Data Archiving

This feature requires an Enterprise license for self-hosted deployments. To upgrade, contact Redpanda sales.

With data archiving, you can enable remote write to back up topics to cloud storage. In the event of a data center failure, data corruption, or cluster migration, you can recover your archived data from the cloud back to your cluster. Data archiving is a use case of Tiered Storage.

Redpanda natively supports Tiered Storage with Amazon S3, Google Cloud Storage (GCS), and Microsoft Azure Blob Storage (ABS). Migrating topics from one cloud provider to another is not supported.

Prerequisites

This feature requires an Enterprise license for self-hosted deployments. To upgrade, contact Redpanda sales.

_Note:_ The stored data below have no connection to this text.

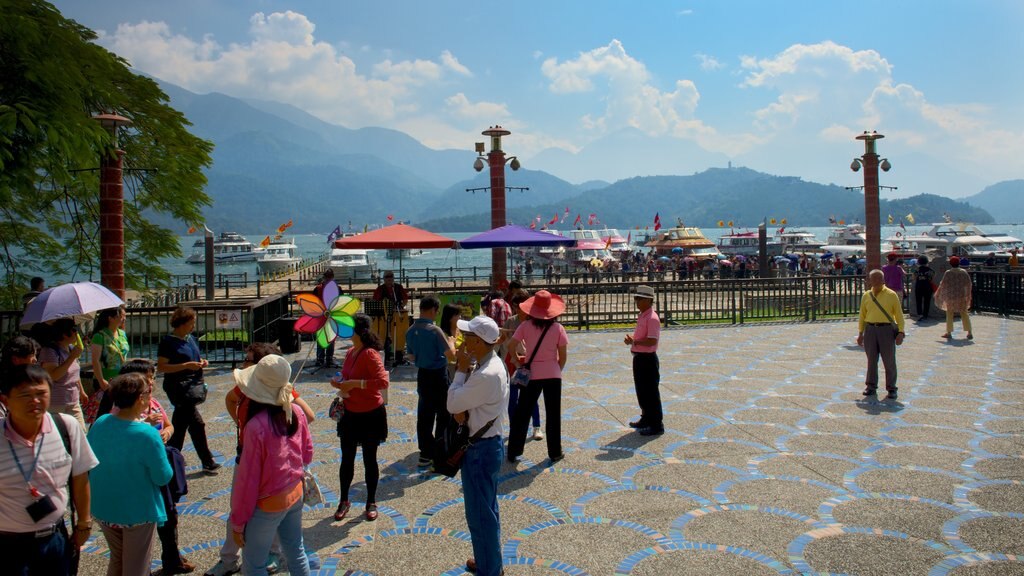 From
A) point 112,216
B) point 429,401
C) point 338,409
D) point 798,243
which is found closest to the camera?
point 338,409

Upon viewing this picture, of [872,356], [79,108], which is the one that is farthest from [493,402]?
[79,108]

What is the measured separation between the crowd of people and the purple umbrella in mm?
133

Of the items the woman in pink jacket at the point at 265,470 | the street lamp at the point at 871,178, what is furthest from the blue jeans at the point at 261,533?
the street lamp at the point at 871,178

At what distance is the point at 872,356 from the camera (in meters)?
9.00

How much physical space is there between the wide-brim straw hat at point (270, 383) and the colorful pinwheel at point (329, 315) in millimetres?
3239

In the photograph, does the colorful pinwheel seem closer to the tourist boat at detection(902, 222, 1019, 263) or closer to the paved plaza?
the paved plaza

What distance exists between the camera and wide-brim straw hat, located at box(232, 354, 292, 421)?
11.8 feet

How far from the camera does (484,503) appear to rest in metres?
4.11

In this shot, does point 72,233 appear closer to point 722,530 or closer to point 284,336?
point 284,336

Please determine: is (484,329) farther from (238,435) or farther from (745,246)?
(745,246)

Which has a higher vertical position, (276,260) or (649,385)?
(276,260)

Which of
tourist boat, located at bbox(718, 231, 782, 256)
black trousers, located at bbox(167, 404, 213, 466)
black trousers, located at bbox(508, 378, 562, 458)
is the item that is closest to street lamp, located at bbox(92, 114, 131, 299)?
black trousers, located at bbox(167, 404, 213, 466)

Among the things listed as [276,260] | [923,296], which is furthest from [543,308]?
[276,260]

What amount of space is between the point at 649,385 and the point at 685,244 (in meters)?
49.2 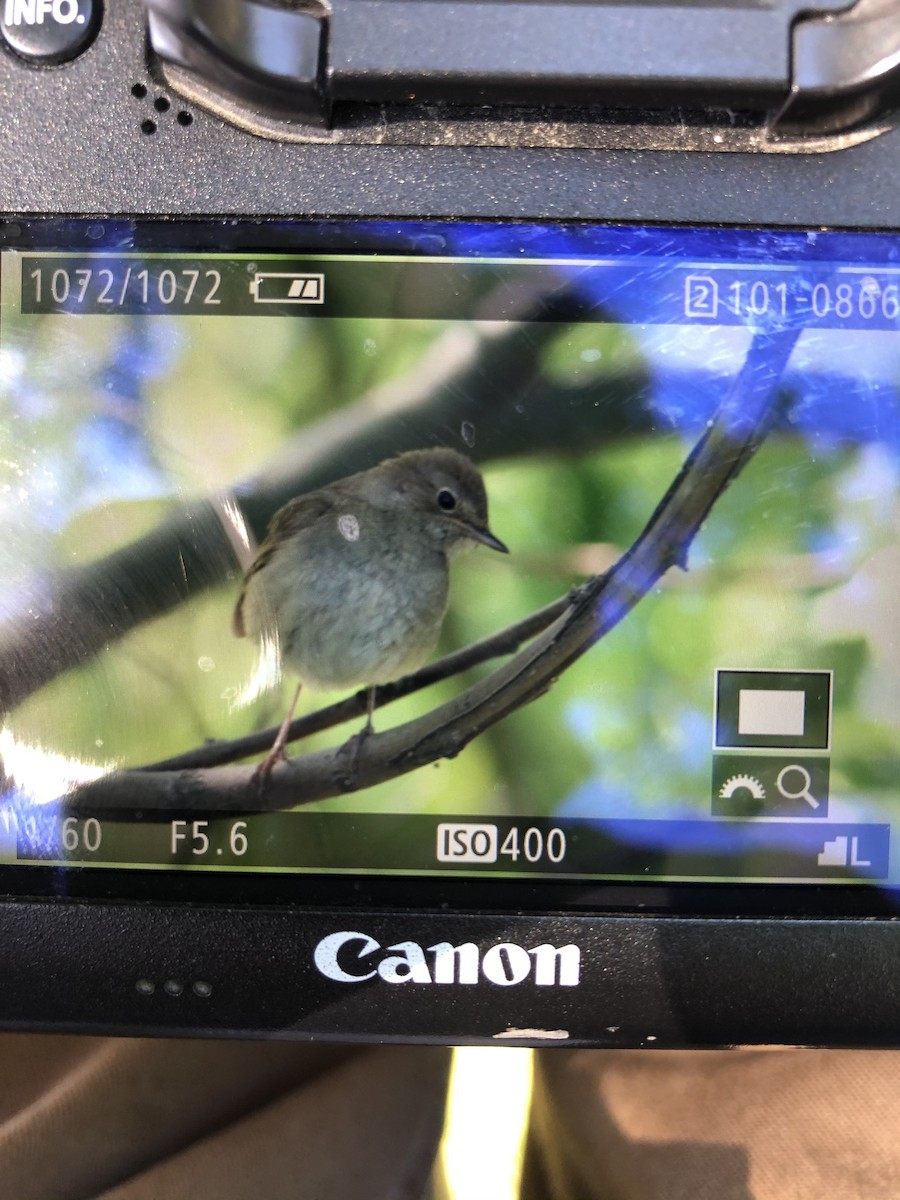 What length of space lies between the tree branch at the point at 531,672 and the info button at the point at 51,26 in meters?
0.39

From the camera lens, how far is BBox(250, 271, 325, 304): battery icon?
585mm

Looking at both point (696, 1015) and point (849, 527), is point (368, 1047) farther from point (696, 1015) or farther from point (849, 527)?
point (849, 527)

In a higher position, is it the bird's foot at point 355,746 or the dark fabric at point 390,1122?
the bird's foot at point 355,746

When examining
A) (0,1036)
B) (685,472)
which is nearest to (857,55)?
(685,472)

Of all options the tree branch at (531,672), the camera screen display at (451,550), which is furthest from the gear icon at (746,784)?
the tree branch at (531,672)

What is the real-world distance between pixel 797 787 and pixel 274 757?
0.94 feet

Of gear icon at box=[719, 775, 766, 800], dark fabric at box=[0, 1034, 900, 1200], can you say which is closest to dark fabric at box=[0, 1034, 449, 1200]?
dark fabric at box=[0, 1034, 900, 1200]

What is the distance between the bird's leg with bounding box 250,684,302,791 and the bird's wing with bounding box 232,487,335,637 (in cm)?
5

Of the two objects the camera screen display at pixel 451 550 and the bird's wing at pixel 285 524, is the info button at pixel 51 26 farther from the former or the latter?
the bird's wing at pixel 285 524

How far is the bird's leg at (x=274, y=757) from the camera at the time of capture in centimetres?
60

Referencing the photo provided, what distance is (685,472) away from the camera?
0.59 m

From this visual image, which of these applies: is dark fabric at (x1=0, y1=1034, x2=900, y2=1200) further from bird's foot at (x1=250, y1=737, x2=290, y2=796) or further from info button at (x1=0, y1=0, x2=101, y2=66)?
info button at (x1=0, y1=0, x2=101, y2=66)

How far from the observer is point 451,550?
61 cm

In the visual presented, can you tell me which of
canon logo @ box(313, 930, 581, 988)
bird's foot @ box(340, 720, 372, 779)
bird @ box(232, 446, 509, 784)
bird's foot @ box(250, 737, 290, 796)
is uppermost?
bird @ box(232, 446, 509, 784) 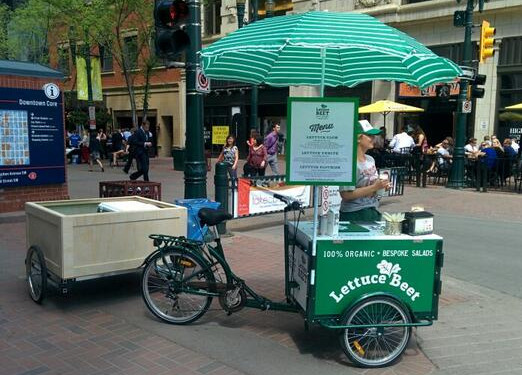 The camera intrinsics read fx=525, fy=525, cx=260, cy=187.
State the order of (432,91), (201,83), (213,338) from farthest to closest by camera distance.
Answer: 1. (432,91)
2. (201,83)
3. (213,338)

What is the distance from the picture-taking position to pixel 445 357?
4.29 meters

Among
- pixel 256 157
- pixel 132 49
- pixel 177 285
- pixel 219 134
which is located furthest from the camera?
pixel 219 134

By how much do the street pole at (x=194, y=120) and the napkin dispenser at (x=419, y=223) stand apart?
3897 mm

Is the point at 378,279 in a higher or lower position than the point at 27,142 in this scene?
lower

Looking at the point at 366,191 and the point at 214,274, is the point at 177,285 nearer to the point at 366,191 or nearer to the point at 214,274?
the point at 214,274

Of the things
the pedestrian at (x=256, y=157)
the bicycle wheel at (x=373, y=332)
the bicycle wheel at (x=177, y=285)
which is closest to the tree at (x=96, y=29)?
the pedestrian at (x=256, y=157)

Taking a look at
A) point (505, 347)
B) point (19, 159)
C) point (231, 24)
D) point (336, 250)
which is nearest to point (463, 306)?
point (505, 347)

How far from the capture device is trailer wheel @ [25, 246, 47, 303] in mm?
5199

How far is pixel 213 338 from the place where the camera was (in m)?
4.55

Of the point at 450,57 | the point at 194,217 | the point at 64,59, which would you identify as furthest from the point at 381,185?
the point at 64,59

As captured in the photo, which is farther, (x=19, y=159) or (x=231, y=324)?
(x=19, y=159)

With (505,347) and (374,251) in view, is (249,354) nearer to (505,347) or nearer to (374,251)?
(374,251)

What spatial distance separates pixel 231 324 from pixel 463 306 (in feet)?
8.14

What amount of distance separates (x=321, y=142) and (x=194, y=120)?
11.5 ft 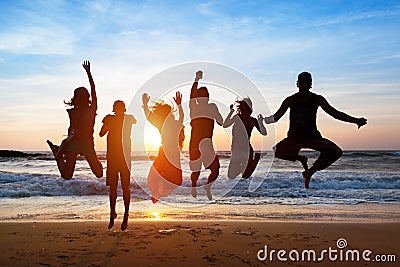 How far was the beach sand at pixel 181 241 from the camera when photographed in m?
9.38

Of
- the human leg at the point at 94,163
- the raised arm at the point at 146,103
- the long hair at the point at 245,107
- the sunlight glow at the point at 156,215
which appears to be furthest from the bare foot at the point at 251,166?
the sunlight glow at the point at 156,215

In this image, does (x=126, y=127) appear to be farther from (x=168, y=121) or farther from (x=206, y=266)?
(x=206, y=266)

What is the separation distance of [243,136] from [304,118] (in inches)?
54.9

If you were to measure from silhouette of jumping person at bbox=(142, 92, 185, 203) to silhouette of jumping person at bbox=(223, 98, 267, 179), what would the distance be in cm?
104

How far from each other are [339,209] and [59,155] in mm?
12675

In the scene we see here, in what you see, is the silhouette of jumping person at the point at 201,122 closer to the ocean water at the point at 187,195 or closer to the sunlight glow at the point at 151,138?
the sunlight glow at the point at 151,138

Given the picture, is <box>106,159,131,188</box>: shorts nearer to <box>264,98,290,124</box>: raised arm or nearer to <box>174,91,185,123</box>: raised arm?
<box>174,91,185,123</box>: raised arm

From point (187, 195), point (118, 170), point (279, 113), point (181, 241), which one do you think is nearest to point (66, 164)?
point (118, 170)

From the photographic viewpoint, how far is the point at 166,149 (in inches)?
386

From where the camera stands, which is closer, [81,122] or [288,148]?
[288,148]

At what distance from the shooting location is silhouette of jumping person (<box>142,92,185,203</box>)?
9805 mm

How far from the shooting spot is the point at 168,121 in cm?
990

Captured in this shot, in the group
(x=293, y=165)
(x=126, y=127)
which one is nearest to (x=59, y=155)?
(x=126, y=127)

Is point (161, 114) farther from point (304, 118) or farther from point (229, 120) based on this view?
point (304, 118) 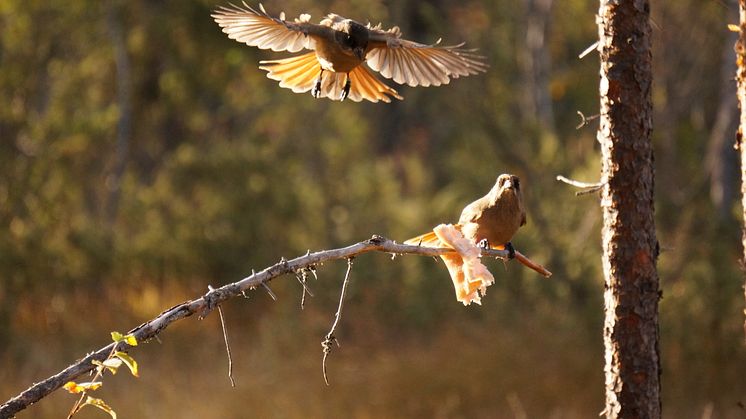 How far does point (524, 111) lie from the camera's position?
1302cm

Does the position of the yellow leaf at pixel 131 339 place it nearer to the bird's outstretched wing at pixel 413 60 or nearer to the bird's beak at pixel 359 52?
the bird's beak at pixel 359 52

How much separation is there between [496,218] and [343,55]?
1012 millimetres

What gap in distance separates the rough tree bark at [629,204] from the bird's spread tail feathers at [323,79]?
1.19 m

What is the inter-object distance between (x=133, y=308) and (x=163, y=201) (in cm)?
115

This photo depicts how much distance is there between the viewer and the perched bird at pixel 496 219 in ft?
12.7

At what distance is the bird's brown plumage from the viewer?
3.87m

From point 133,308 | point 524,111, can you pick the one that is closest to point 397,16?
point 524,111

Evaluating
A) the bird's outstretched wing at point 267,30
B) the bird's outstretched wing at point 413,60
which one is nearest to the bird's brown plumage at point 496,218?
the bird's outstretched wing at point 413,60

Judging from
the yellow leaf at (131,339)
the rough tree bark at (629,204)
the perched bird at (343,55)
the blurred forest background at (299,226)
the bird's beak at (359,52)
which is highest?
the blurred forest background at (299,226)

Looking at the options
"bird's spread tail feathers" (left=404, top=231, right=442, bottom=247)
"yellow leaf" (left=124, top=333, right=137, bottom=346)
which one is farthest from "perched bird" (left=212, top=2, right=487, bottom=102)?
"yellow leaf" (left=124, top=333, right=137, bottom=346)

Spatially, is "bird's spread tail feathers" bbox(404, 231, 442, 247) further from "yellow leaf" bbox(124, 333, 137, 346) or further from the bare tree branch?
"yellow leaf" bbox(124, 333, 137, 346)

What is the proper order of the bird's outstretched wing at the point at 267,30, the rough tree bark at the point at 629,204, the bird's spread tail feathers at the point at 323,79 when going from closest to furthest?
the rough tree bark at the point at 629,204 < the bird's outstretched wing at the point at 267,30 < the bird's spread tail feathers at the point at 323,79

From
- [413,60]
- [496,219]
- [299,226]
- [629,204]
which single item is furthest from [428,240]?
[299,226]

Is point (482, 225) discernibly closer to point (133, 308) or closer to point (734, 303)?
point (734, 303)
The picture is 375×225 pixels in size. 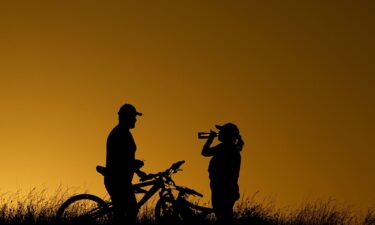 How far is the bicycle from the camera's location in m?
12.8

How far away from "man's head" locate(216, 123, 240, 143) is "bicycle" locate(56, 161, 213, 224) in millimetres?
775

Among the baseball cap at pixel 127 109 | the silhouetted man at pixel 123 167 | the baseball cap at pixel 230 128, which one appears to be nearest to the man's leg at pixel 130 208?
the silhouetted man at pixel 123 167

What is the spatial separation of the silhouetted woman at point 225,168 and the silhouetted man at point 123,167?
51.8 inches

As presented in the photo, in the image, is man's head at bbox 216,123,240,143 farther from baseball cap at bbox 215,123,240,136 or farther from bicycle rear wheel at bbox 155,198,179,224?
bicycle rear wheel at bbox 155,198,179,224

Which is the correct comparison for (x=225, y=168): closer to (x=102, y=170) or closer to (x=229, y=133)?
(x=229, y=133)

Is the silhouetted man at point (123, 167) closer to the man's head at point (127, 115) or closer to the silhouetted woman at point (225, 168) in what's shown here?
the man's head at point (127, 115)

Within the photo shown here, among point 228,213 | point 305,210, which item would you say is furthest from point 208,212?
point 305,210

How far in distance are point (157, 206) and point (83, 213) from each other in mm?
1282

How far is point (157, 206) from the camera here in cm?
1357

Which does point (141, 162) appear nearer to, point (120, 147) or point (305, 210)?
point (120, 147)

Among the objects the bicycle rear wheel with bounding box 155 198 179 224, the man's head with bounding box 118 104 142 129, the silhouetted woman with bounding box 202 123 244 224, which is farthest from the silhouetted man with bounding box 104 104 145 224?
the silhouetted woman with bounding box 202 123 244 224

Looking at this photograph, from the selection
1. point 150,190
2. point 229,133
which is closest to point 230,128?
point 229,133

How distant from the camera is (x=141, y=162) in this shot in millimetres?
13156

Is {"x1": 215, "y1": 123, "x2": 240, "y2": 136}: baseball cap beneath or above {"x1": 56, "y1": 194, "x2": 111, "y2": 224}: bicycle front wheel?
above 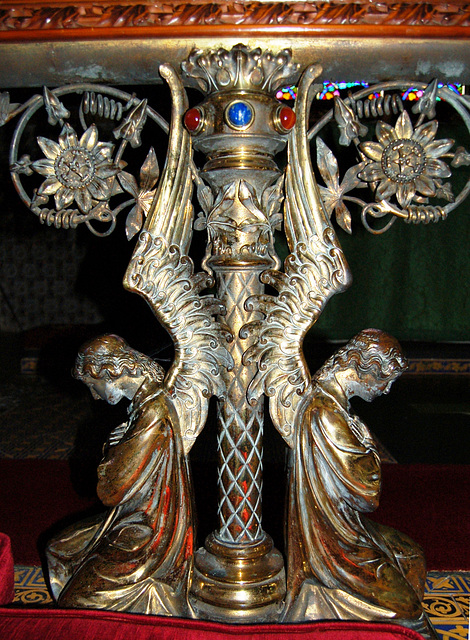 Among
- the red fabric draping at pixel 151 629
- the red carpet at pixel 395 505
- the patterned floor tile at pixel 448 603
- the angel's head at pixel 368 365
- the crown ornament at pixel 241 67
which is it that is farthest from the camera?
the red carpet at pixel 395 505

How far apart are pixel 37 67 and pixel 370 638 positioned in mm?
991

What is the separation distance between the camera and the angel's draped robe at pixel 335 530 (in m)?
1.07

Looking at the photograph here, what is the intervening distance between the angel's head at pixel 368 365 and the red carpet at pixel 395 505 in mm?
561

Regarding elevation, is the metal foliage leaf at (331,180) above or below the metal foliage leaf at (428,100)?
below

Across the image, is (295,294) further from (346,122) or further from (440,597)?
(440,597)

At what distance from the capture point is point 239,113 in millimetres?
1018

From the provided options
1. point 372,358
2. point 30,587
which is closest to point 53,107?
point 372,358

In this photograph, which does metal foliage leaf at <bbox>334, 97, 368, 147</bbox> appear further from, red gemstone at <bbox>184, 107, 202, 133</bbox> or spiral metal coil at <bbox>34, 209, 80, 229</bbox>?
spiral metal coil at <bbox>34, 209, 80, 229</bbox>

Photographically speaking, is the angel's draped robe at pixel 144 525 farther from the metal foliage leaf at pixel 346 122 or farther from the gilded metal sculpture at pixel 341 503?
the metal foliage leaf at pixel 346 122

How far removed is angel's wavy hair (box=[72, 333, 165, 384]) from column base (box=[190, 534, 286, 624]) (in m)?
0.33

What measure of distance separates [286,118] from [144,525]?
713 mm

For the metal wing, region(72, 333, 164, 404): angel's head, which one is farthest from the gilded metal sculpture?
region(72, 333, 164, 404): angel's head

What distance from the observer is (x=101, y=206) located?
113cm

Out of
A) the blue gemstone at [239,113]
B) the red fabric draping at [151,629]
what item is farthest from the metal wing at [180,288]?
the red fabric draping at [151,629] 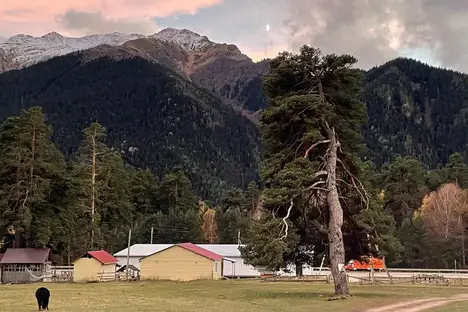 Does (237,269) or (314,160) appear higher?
(314,160)

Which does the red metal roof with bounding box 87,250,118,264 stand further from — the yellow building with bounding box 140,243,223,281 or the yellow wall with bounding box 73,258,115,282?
the yellow building with bounding box 140,243,223,281

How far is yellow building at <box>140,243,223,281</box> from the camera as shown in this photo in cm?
6881

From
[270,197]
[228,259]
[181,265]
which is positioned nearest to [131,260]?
[228,259]

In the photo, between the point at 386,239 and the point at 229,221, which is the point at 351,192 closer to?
the point at 386,239

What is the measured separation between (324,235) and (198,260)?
1346 inches

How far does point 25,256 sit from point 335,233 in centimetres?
4358

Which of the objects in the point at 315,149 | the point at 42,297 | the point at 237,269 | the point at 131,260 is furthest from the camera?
the point at 131,260

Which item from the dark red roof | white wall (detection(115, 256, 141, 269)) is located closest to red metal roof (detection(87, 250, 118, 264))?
the dark red roof

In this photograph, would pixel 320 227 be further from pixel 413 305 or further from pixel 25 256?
pixel 25 256

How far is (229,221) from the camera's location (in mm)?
107688

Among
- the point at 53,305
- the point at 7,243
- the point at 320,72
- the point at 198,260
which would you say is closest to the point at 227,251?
the point at 198,260

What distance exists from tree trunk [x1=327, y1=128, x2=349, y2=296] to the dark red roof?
41962 millimetres

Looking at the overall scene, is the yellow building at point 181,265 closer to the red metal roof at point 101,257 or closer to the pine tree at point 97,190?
the red metal roof at point 101,257

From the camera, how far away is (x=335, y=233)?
33438 millimetres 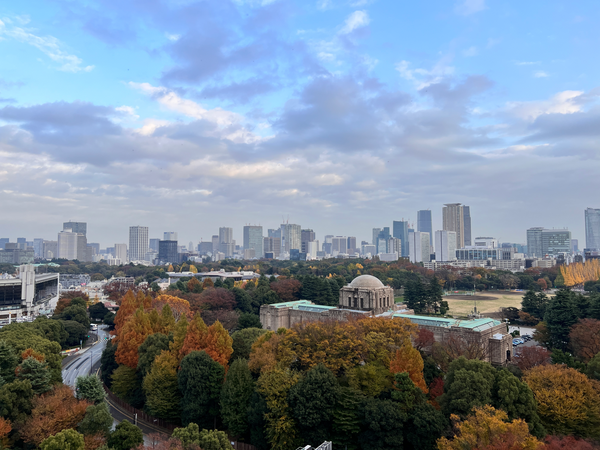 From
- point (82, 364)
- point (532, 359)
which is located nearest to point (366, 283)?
point (532, 359)

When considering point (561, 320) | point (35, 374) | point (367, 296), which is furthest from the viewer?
point (367, 296)

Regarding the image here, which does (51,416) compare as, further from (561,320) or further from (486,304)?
(486,304)

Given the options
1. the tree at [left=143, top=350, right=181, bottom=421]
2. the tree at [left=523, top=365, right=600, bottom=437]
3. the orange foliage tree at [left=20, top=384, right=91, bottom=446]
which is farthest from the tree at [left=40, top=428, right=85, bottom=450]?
the tree at [left=523, top=365, right=600, bottom=437]

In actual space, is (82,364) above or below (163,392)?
below

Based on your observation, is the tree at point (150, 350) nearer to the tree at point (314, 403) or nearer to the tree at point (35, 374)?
the tree at point (35, 374)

To check if you already have a license key applied to your cluster:

rpk cluster license info

Configure data archiving

Data archiving requires a Tiered Storage configuration.

  1. Set up Tiered Storage for the cluster or for specific topics.

  2. If you want to read data from cloud storage, enable remote read. When remote read is disabled, data can only be read from local storage.

  3. Set retention limits.

To recover a topic from cloud storage, use remote recovery.

Stop data archiving

To cancel archiving jobs, disable remote write.

To delete archival data, adjust retention.ms or retention.bytes.